Table 1 - RMSE for decoders with and without noise
|          | A        | Noisy A |
|----------|----------|----------|
| **D**               | 0.001   | 0.313   |
| **Regularized D**   | 0.040   | 0.187   |

When noise is added to neural activities A, the RMSE increased by 1-2 orders of magnitude. The unregularized decoder D is very accurate for the noise-less A, but produces a lot of error for noisy A. On the other hand, the regularized D decreased the error for noisy A by half (column 2) but increased the error for the noise-less A (column 1). Overall, regularization is a good thing because the amount of error it reduced is much greater than the amount it introduced.

## 1.2 Exploring sources of error

**a) Exploring error due to distortion and noise.** Plot the error due to distortion $E_\mathrm{dist}$ and the error due to noise $E_\mathrm{noise}$ as a function of $n$, the number of neurons. Generate two different loglog plots (one for each type of error) with $n$ values of at least $[4, 8, 16, 32, 64, 128, 256, 512]$. For each $n$ value, do at least $5$ runs and average the results. For each run, different $\alpha$, $J^\mathrm{bias}$, and $e$ values should be generated for each neuron.
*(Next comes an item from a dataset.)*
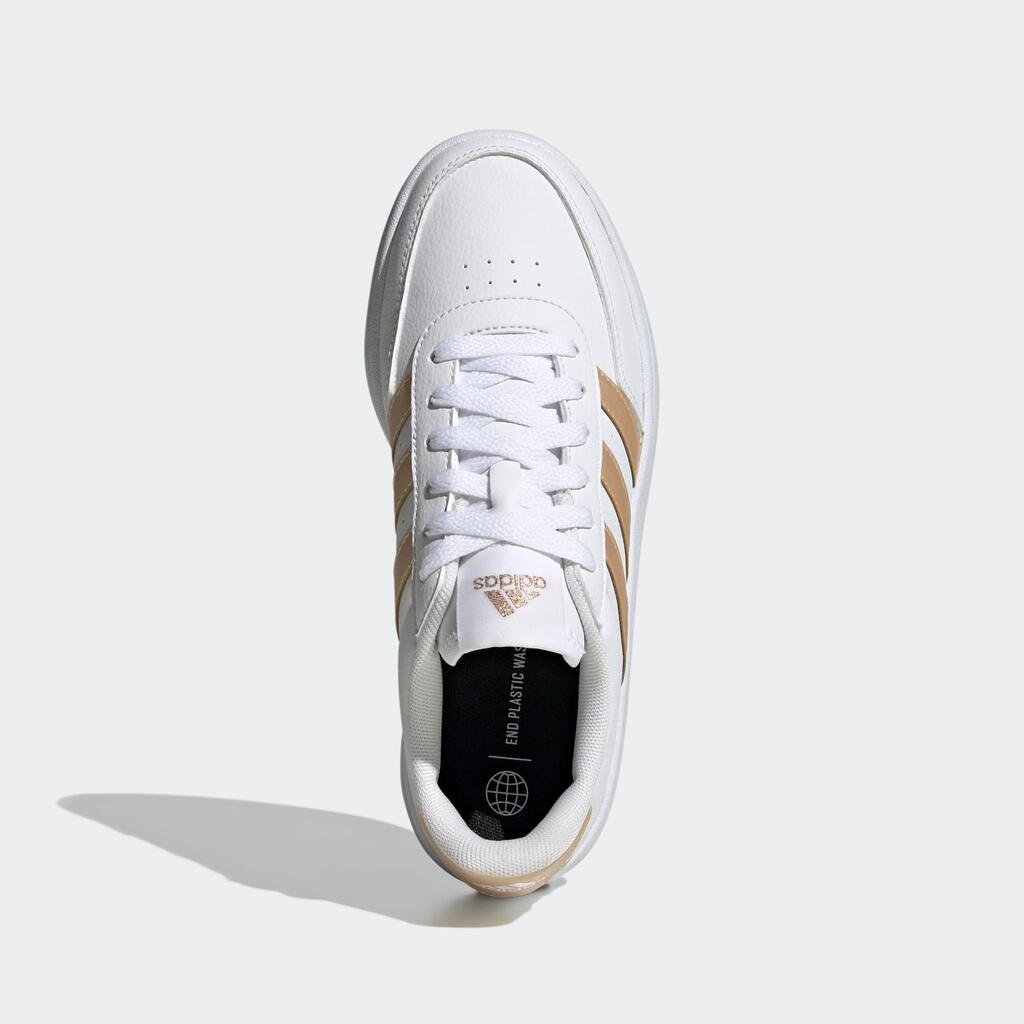 WOMEN'S ADIDAS BREAKNET 2.0 SHOES - WHITE 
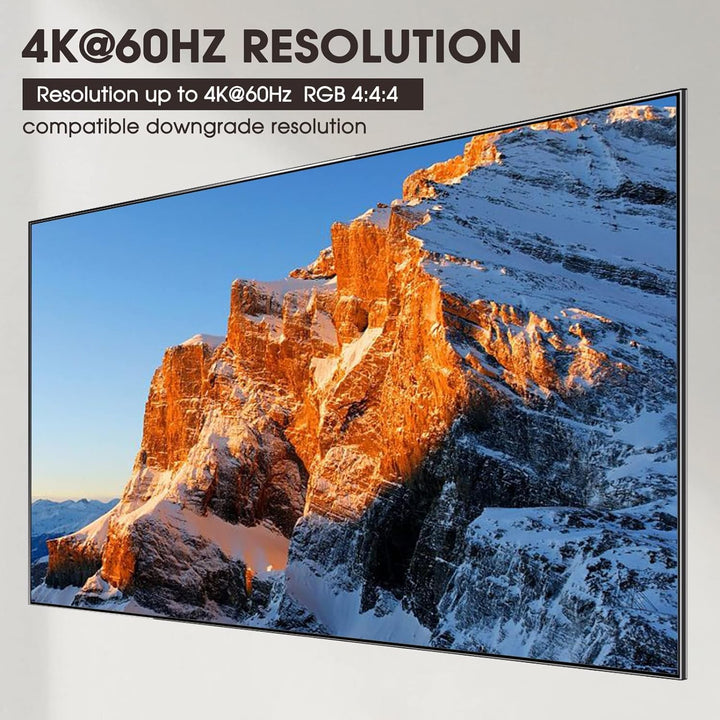Dual Monitor KVM Switch Displayport HDMI, Camgeet KVM Switch 2 PC 2 Monitore, KVM Switches Displaypo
Compute $d$ taking noise into account, with $\sigma = 0.1 \max(A)$. Show visually that the errors are proportional to $1/n$ or $1/n^2$.

In [None]:
# ✍ <YOUR SOLUTION HERE>

# Calculate E_dist and E_noise for n neurons (1 run)
def run(n=16, N=41):
    # Sample new random variables
    x = np.linspace(-1, 1, N)                               # Sample the x-axis
    a_max = np.random.uniform(low=100, high=200, size=n)    # Sample firing rates
    xi = np.random.uniform(low=-0.95, high=0.95, size=n)    # Sample x-intercepts
    e = np.random.choice([-1, 1], size=n)                   # Set encoder directions

    # Compute alpha and J^bias
    alpha = (np.maximum(a_max, 0)) / (1 - xi)
    J_bias = (xi * np.maximum(a_max, 0)) / (xi - 1)

    # Calculate tuning curves for each sample
    A = []
    for i in range(n):
        a = [np.maximum(e[i] * alpha[i] * x_i + J_bias[i], 0) for x_i in x]
        A.append(a)
    A = np.array(A)

    # Add noise to A
    sigma = 0.1 * np.max(A)
    noise = np.random.normal(0, sigma, A.shape)
    A_noisy = np.maximum(A + noise, 0)

    # Compute D taking noise into account
    D = A @ x @ np.linalg.inv(A @ A.T + N * np.square(sigma) * np.eye(n))

    # Calculate the errors
    x_hat = D @ A_noisy
    E_dist = 0.5 * np.sum((x - x_hat)**2)
    E_noise = 0.5 * sigma**2 * np.sum(D**2)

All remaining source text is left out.